=== About this task ===
Before copying, remove every picture, and then repeat all entries below precisely as written.

=== Data ===
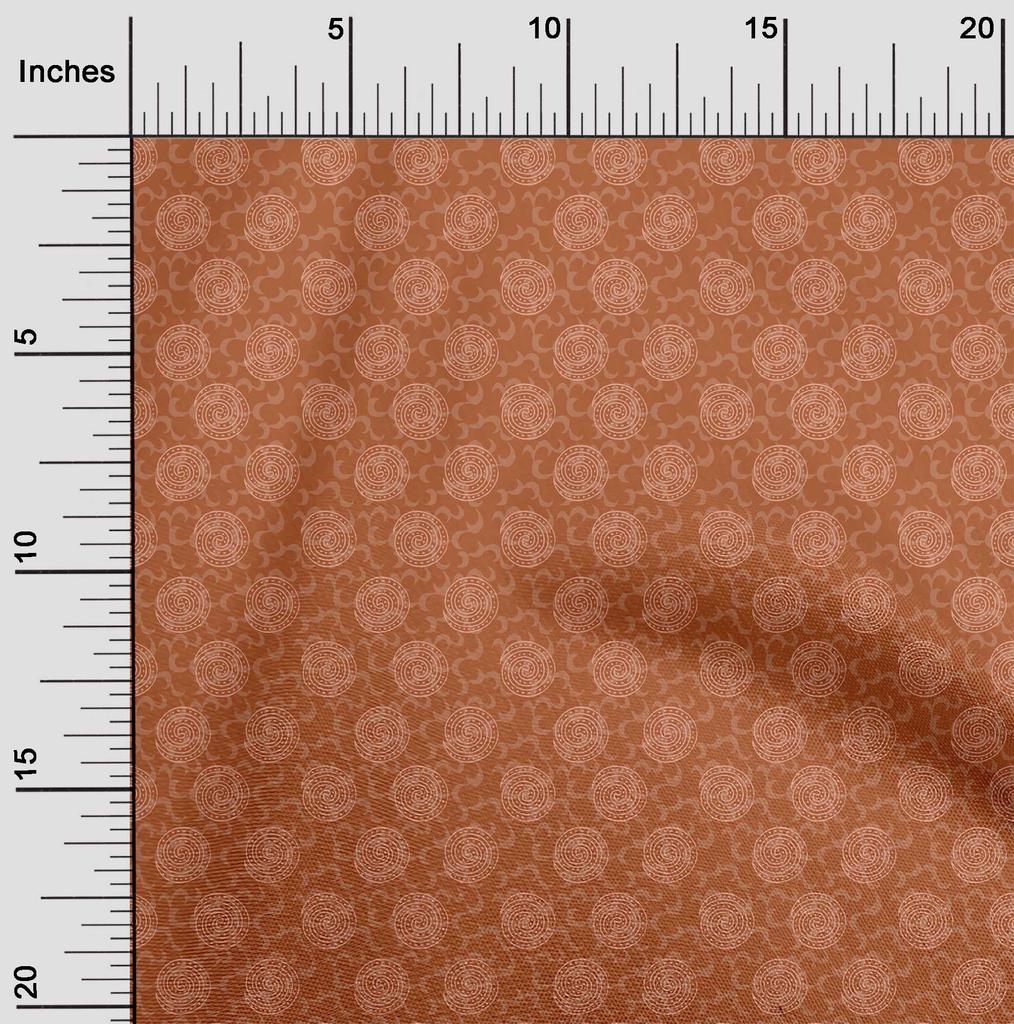 oneOone Cotton Flex Fabric Spiral Block Print Sewing Fabric BTY 40 Inch Wide
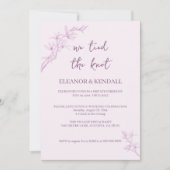 Timless Flower "Tied the Knot" Weddenschap Kaart (Voorkant)
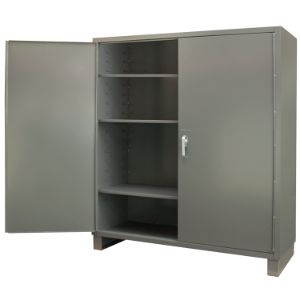 DURHAM MANUFACTURING SSC-722484-BDLP-3S-95 Cabinet, 3 Shelf, 72 x 24 x 84 Inch Size | CG6DTA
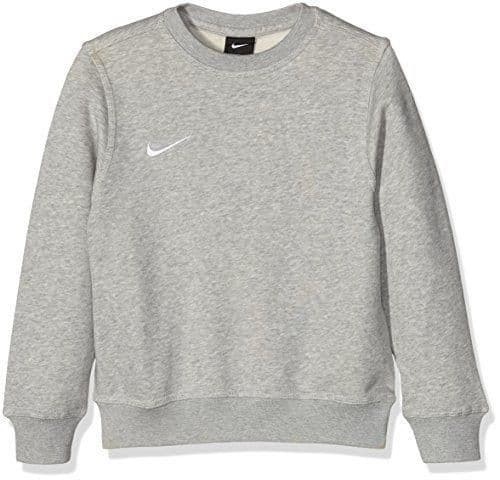 Fitness Nike Yth Team Club Crew - Sudadera para niño, Gris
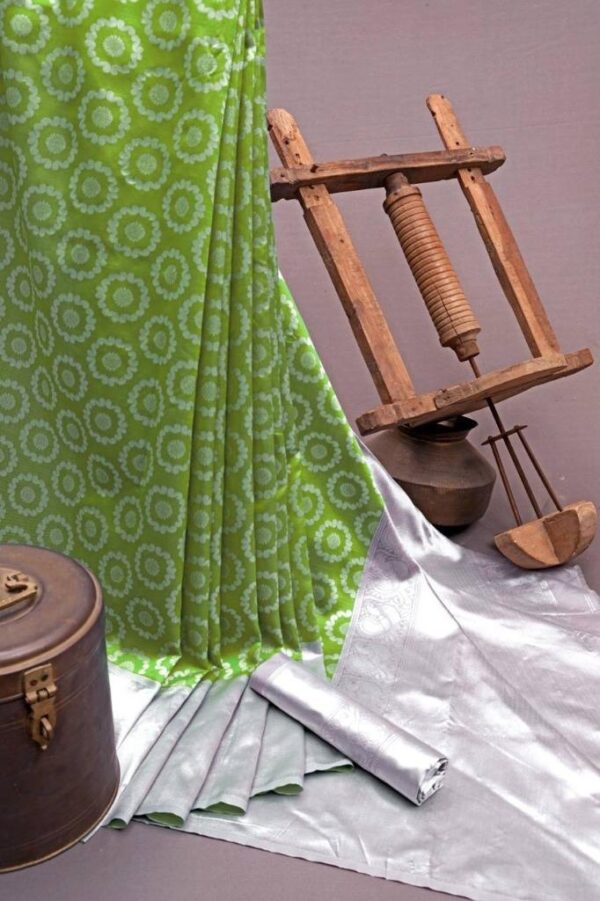 Wedding Designer Green Saree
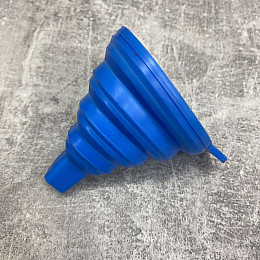 Воронка раскладная силиконовая 8*9 см Stenson 622/6783 синяя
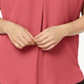 Blusa feminina INC International Concepts com manga dolman e técnica mista, azul, tamanho 0X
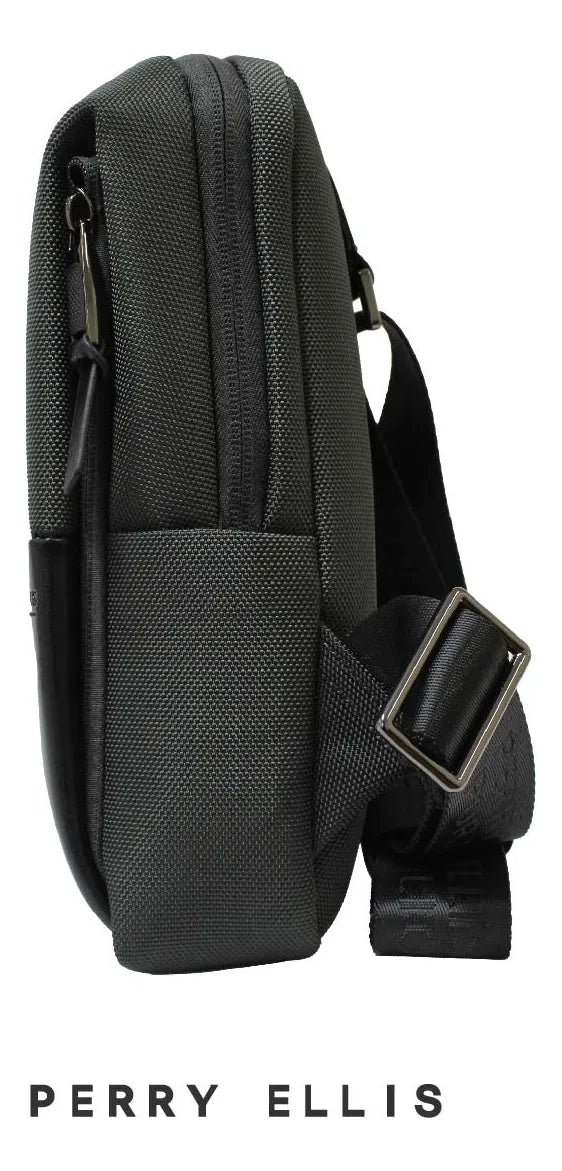 Bandolera Perry Ellis Original Crossbody Para Hombre - Estilo Portafolio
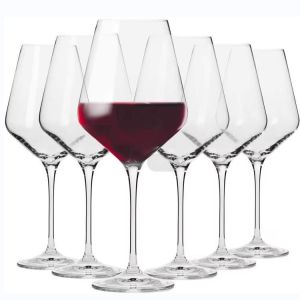 Buy cheap Custom Hand Blown White Wine Glasses Clear Burgundy Wine Glasses product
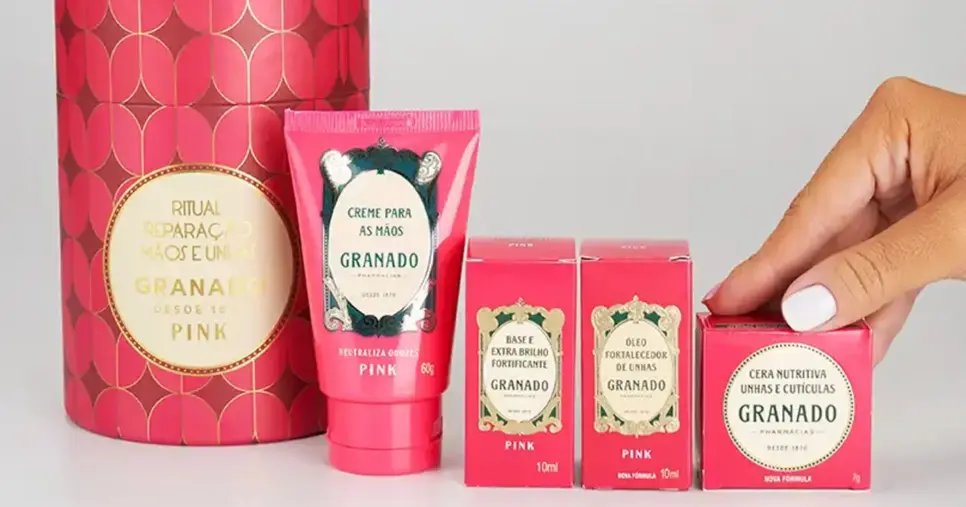 Ritual Reparação Mãos e Unhas Pink - Granado (Foto: Reprodução) Ritual Reparação Mãos e Unhas Pink - Granado (Foto: Reprodução)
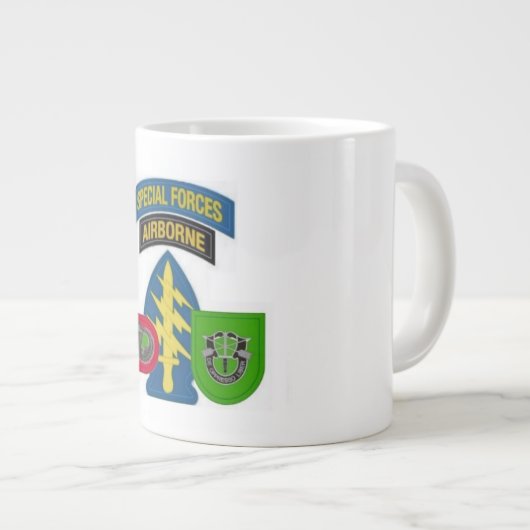 10e groep speciale strijdkrachten Jumbo Mok (Voorkant rechts)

=== Result ===
 oneOone Cotton Flex Fabric Spiral Block Print Sewing Fabric BTY 40 Inch Wide
 Timless Flower "Tied the Knot" Weddenschap Kaart (Voorkant)
 DURHAM MANUFACTURING SSC-722484-BDLP-3S-95 Cabinet, 3 Shelf, 72 x 24 x 84 Inch Size | CG6DTA
 Fitness Nike Yth Team Club Crew - Sudadera para niño, Gris
 Wedding Designer Green Saree
 Воронка раскладная силиконовая 8*9 см Stenson 622/6783 синяя
 Blusa feminina INC International Concepts com manga dolman e técnica mista, azul, tamanho 0X
 Bandolera Perry Ellis Original Crossbody Para Hombre - Estilo Portafolio
 Buy cheap Custom Hand Blown White Wine Glasses Clear Burgundy Wine Glasses product
 Ritual Reparação Mãos e Unhas Pink - Granado (Foto: Reprodução) Ritual Reparação Mãos e Unhas Pink - Granado (Foto: Reprodução)
 10e groep speciale strijdkrachten Jumbo Mok (Voorkant rechts)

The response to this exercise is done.